Aquellos inmigrantes que regresaron a Siria desde América del Sur lo hicieron con todo el bagaje cultural de los campos, los montes y los puertos.
Al principio, el mate que trajeron con ellos no fue más que una moda de las clases más acomodadas, una forma de marcar diferencias con los sectores que no podían pagar el costo de este producto, importado desde las remotas tierras de un continente de cuya existencia sólo había una prueba disponible: la yerba que llegaba en las bodegas de los navíos a los muelles de Tartus y Latakkia.
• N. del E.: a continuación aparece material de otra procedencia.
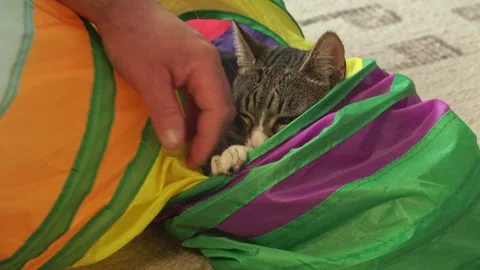 Common breed, apartment cat, caressed by owner Stock Footage 333301993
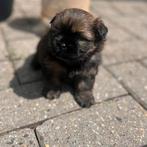 Pomerianan x shih tzu teefje van bijna 1 jaar oud!, Keeshond, 15 weken tot 1 jaar, Teef, Eén hond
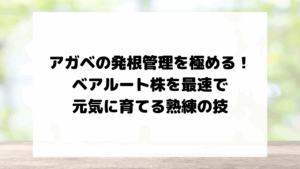 アガベの発根管理を極める！ベアルート株を最速で元気に育てる熟練の技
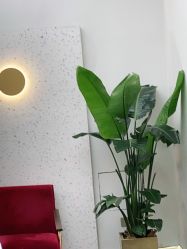 -JUNO hair salon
La minoría alauita se hizo del poder en 1970 con los golpes de Estado puestos en marcha por uno de los suyos, Hafez al-Assad, padre de Bashar, actual presidente sirio . Con esto, esa minoría adquirió los hábitos de los ricos, y en sus reuniones, el mate ganó carta de legitimidad al lado de las bebidas tradicionales.
Las revoluciones, sin embargo, son hechas para igualar. Y el mate, antes un lujo, ahora es una bebida esencial para el descanso de los combatientes opositores.
«Cuando conquistamos posiciones del ejército, además de armas y equipo, capturamos las provisiones de yerba de la oficialidad alauita», cuenta Mahmoud, un combatiente de 25 años que integra las filas del Ejército Libre Sirio (ELS).
Mahmoud y otros rebeldes están reunidos en su pequeño local cuartel antes de que caiga la temprana oscuridad del invierno, en el barrio de Salaheddine.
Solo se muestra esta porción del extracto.